Work request: Each record needs to be echoed exactly; can you do that?

[Short descriptive text snippets]
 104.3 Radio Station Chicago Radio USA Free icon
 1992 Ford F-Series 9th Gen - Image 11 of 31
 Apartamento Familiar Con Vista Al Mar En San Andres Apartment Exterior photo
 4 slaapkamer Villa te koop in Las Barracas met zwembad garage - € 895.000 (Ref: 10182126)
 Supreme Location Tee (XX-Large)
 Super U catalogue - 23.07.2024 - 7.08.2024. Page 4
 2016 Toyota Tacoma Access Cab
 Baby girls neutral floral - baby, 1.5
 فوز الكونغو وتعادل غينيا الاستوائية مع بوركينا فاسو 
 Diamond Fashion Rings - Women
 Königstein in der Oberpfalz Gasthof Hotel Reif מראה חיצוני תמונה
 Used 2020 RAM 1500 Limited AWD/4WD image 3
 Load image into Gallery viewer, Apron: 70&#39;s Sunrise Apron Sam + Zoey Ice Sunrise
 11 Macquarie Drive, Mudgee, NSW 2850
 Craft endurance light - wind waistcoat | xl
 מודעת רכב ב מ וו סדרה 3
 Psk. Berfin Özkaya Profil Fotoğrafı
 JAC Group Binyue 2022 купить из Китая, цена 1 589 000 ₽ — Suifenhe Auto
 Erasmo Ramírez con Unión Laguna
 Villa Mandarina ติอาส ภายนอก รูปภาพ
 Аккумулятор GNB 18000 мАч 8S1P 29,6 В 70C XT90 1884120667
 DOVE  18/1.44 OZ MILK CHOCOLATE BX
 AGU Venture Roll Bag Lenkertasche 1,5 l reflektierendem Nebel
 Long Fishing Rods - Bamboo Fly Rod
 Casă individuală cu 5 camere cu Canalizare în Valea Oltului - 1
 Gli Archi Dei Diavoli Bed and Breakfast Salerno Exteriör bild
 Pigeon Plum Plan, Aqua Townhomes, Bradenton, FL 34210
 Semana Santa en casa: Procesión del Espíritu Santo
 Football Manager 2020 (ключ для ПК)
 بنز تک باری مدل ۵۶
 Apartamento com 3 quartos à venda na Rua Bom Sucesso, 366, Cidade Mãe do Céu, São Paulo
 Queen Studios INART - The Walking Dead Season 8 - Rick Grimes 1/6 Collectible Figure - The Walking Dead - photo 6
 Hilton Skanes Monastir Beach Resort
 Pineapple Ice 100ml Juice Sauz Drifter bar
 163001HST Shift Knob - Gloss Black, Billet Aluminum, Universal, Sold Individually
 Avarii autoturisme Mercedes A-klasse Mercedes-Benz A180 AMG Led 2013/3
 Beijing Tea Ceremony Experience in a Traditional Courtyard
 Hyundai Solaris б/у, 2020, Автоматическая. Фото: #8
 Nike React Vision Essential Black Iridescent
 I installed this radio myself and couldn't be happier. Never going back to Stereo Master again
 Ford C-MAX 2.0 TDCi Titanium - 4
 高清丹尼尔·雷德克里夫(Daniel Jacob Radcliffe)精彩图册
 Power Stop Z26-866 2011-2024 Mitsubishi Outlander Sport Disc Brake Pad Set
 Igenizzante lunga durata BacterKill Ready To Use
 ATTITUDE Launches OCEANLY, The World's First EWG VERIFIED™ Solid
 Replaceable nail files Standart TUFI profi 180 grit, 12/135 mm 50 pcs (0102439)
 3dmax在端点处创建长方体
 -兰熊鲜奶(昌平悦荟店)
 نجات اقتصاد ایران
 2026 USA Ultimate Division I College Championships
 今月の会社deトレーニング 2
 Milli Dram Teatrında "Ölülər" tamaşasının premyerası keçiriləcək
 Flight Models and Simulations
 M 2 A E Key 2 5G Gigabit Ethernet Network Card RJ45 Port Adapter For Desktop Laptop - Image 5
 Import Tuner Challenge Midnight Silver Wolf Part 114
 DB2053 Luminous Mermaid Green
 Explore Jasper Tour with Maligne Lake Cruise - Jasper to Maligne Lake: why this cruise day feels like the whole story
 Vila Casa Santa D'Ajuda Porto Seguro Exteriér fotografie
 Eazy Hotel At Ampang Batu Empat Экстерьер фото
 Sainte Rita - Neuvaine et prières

Output for this exercise:
 104.3 Radio Station Chicago Radio USA Free icon
 1992 Ford F-Series 9th Gen - Image 11 of 31
 Apartamento Familiar Con Vista Al Mar En San Andres Apartment Exterior photo
 4 slaapkamer Villa te koop in Las Barracas met zwembad garage - € 895.000 (Ref: 10182126)
 Supreme Location Tee (XX-Large)
 Super U catalogue - 23.07.2024 - 7.08.2024. Page 4
 2016 Toyota Tacoma Access Cab
 Baby girls neutral floral - baby, 1.5
 فوز الكونغو وتعادل غينيا الاستوائية مع بوركينا فاسو 
 Diamond Fashion Rings - Women
 Königstein in der Oberpfalz Gasthof Hotel Reif מראה חיצוני תמונה
 Used 2020 RAM 1500 Limited AWD/4WD image 3
 Load image into Gallery viewer, Apron: 70&#39;s Sunrise Apron Sam + Zoey Ice Sunrise
 11 Macquarie Drive, Mudgee, NSW 2850
 Craft endurance light - wind waistcoat | xl
 מודעת רכב ב מ וו סדרה 3
 Psk. Berfin Özkaya Profil Fotoğrafı
 JAC Group Binyue 2022 купить из Китая, цена 1 589 000 ₽ — Suifenhe Auto
 Erasmo Ramírez con Unión Laguna
 Villa Mandarina ติอาส ภายนอก รูปภาพ
 Аккумулятор GNB 18000 мАч 8S1P 29,6 В 70C XT90 1884120667
 DOVE  18/1.44 OZ MILK CHOCOLATE BX
 AGU Venture Roll Bag Lenkertasche 1,5 l reflektierendem Nebel
 Long Fishing Rods - Bamboo Fly Rod
 Casă individuală cu 5 camere cu Canalizare în Valea Oltului - 1
 Gli Archi Dei Diavoli Bed and Breakfast Salerno Exteriör bild
 Pigeon Plum Plan, Aqua Townhomes, Bradenton, FL 34210
 Semana Santa en casa: Procesión del Espíritu Santo
 Football Manager 2020 (ключ для ПК)
 بنز تک باری مدل ۵۶
 Apartamento com 3 quartos à venda na Rua Bom Sucesso, 366, Cidade Mãe do Céu, São Paulo
 Queen Studios INART - The Walking Dead Season 8 - Rick Grimes 1/6 Collectible Figure - The Walking Dead - photo 6
 Hilton Skanes Monastir Beach Resort
 Pineapple Ice 100ml Juice Sauz Drifter bar
 163001HST Shift Knob - Gloss Black, Billet Aluminum, Universal, Sold Individually
 Avarii autoturisme Mercedes A-klasse Mercedes-Benz A180 AMG Led 2013/3
 Beijing Tea Ceremony Experience in a Traditional Courtyard
 Hyundai Solaris б/у, 2020, Автоматическая. Фото: #8
 Nike React Vision Essential Black Iridescent
 I installed this radio myself and couldn't be happier. Never going back to Stereo Master again
 Ford C-MAX 2.0 TDCi Titanium - 4
 高清丹尼尔·雷德克里夫(Daniel Jacob Radcliffe)精彩图册
 Power Stop Z26-866 2011-2024 Mitsubishi Outlander Sport Disc Brake Pad Set
 Igenizzante lunga durata BacterKill Ready To Use
 ATTITUDE Launches OCEANLY, The World's First EWG VERIFIED™ Solid
 Replaceable nail files Standart TUFI profi 180 grit, 12/135 mm 50 pcs (0102439)
 3dmax在端点处创建长方体
 -兰熊鲜奶(昌平悦荟店)
 نجات اقتصاد ایران
 2026 USA Ultimate Division I College Championships
 今月の会社deトレーニング 2
 Milli Dram Teatrında "Ölülər" tamaşasının premyerası keçiriləcək
 Flight Models and Simulations
 M 2 A E Key 2 5G Gigabit Ethernet Network Card RJ45 Port Adapter For Desktop Laptop - Image 5
 Import Tuner Challenge Midnight Silver Wolf Part 114
 DB2053 Luminous Mermaid Green
 Explore Jasper Tour with Maligne Lake Cruise - Jasper to Maligne Lake: why this cruise day feels like the whole story
 Vila Casa Santa D'Ajuda Porto Seguro Exteriér fotografie
 Eazy Hotel At Ampang Batu Empat Экстерьер фото
 Sainte Rita - Neuvaine et prières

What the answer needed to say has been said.